In her first solo exhibition in New York, Orsina Sforza focuses on the detritus of urban spaces, observing the decay and transformation of discarded objects and the ensuing ambiguity of their identities.

In 2002, while walking through the Roman neighborhood of Testaccio, Sforza came upon a makeshift garbage dump which had been taken over by a number of homeless people. As she descended towards the adjacent embankment of the Tiber, she observed how, at high tide, the river's waters invaded areas of the dump and rearranged its contents. Fascinated by what she had seen and eager to explore the revelations of this chance discovery, she returned repeatedly to the site, taking photographs of agglomerations that attracted her, as well as details (though the series has little in common with photorealism; the motif, and not the photograph being her subject).

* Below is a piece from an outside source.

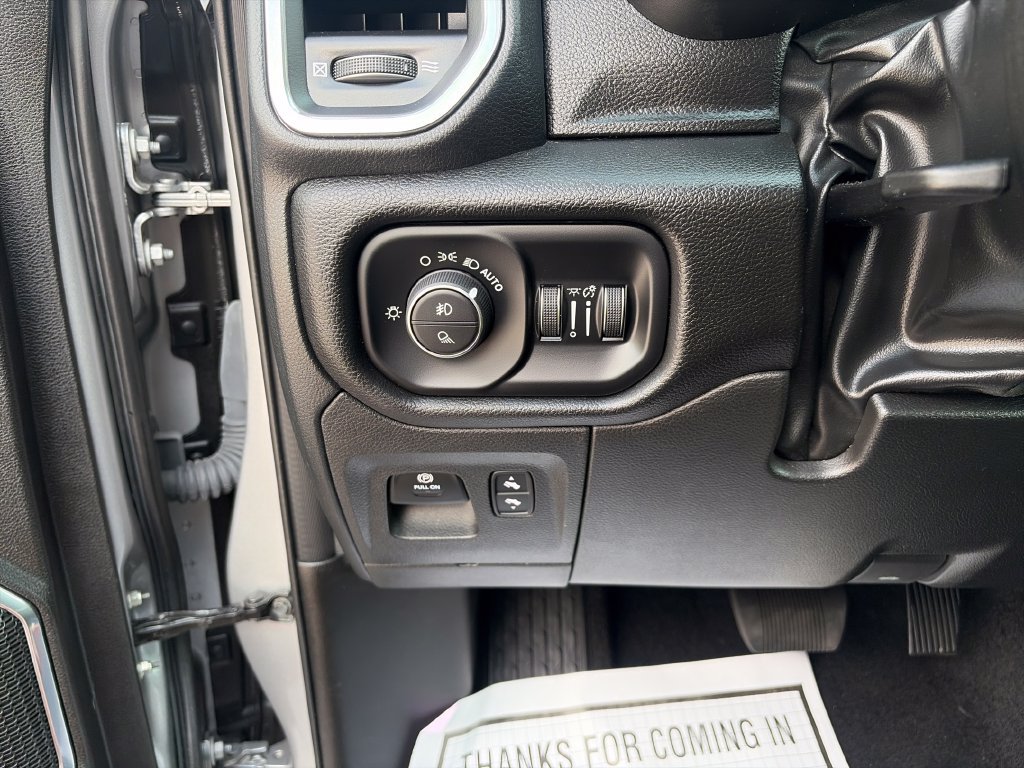 Used 2025 RAM 1500 Laramie AWD/4WD image 32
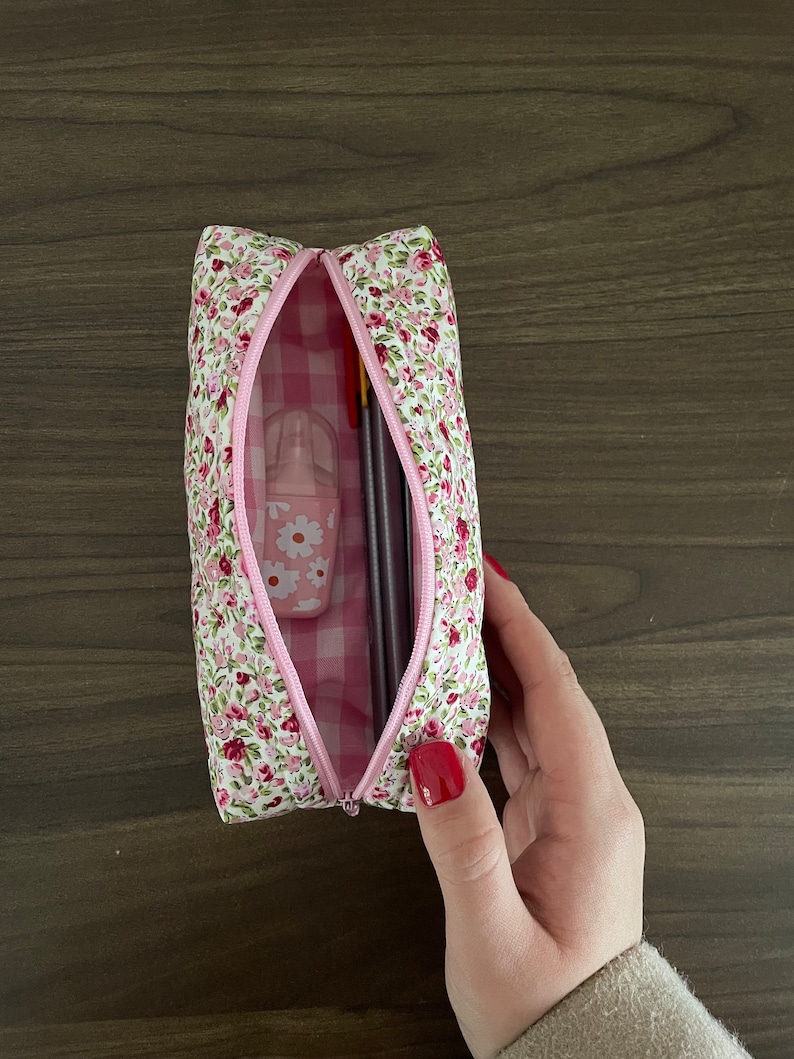 Pink & Red Floral Makeup Bag Pencil Case 17x6x6 cm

In the paintings the viewer can distinguish chains, garden hoses, a hydrant, and a shoe amidst the dense overgrowth of branches, leaves and rags. Other objects seem to have relinquished all traces of their actual identity. In some cases, time and circumstance conspire to imbue them with a new, albeit fictitious, appearance: a folded and yellowed newspaper metamorphoses into a cornstalk, a green hose slithers, snake-like, into the recesses of a white cloth.

Orsina Sforza is probing the boundaries of dream and reality. Beyond their striking color and astonishing wealth of pictorial incidents, the canvases make us cognizant of the ambiguities of vision and the precariousness of existence.

Orsina Sforza exhibits in Rome—where she lives and works—and in Milan, Bolzano, and London, and is also noted for her set designs for the Teatro Communale of Florence.